Assault and Battery Exclusion Includes Negligence

 

In Clinch v. Generali-U.S. Branch, 293 Conn. 774 (Conn., 2009), a restaurant patron claimed that the insured restaurant was negligent for failure to maintain the restaurant in a reasonably safe condition and that as a result of such negligence he was punched and struck inside the restaurant by other customers and in the insured's parking lot and suffered injuries. The patron brought an action against the restaurant's general liability insurer to recover judgment.
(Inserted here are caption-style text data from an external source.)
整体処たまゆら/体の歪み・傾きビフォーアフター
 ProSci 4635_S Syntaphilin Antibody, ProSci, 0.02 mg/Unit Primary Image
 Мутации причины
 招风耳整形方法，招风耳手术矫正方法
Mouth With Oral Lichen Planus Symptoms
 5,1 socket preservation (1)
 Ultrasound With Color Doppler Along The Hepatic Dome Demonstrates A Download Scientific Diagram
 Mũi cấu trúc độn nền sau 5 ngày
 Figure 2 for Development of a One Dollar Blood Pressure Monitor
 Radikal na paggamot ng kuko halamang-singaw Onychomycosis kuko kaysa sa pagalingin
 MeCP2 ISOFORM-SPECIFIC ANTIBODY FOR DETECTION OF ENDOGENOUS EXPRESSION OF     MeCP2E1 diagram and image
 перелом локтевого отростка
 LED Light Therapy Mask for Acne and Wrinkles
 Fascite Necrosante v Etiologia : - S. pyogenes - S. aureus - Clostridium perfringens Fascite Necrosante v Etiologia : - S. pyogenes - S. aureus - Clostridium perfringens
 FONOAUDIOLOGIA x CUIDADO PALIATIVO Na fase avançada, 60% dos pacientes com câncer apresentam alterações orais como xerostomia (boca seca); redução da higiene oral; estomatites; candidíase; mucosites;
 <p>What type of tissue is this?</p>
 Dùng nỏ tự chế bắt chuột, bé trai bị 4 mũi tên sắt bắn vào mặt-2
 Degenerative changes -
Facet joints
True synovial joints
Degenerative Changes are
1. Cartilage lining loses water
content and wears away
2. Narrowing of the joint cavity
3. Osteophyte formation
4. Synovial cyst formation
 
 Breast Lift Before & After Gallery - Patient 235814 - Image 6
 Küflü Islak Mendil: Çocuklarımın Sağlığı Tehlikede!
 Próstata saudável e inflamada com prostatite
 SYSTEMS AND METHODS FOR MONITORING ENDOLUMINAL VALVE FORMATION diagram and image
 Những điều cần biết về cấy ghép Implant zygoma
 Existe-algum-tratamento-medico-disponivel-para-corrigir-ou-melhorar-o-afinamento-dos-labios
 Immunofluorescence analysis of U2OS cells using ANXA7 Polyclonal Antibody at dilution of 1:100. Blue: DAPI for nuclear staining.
The superior court entered summary judgment in the insurer's favor and the appellate court affirmed. The patron petitioned for certiorari review.

 

The Supreme Court of Connecticut held that the alleged injuries fell within the meaning of the insured's general liability policy, which excluded coverage for claims arising from assault and battery or any act or omission in connection with prevention of such acts by or at the instigation of the insured, the insured's employees, or any other person.

 

Further, the court held that the general liability insurer's failure to define “assault” or “battery” in a provision of the insured's policy did not render the policy ambiguous so as to require the insurer to defend the insured restaurant. According to the court, assault could be committed intentionally, with reckless disregard for consequences, or negligently, and it was the intent of the parties that the policy was to exclude from coverage all assaults and batteries.


Thus, the court affirmed the judgment of the appellate court.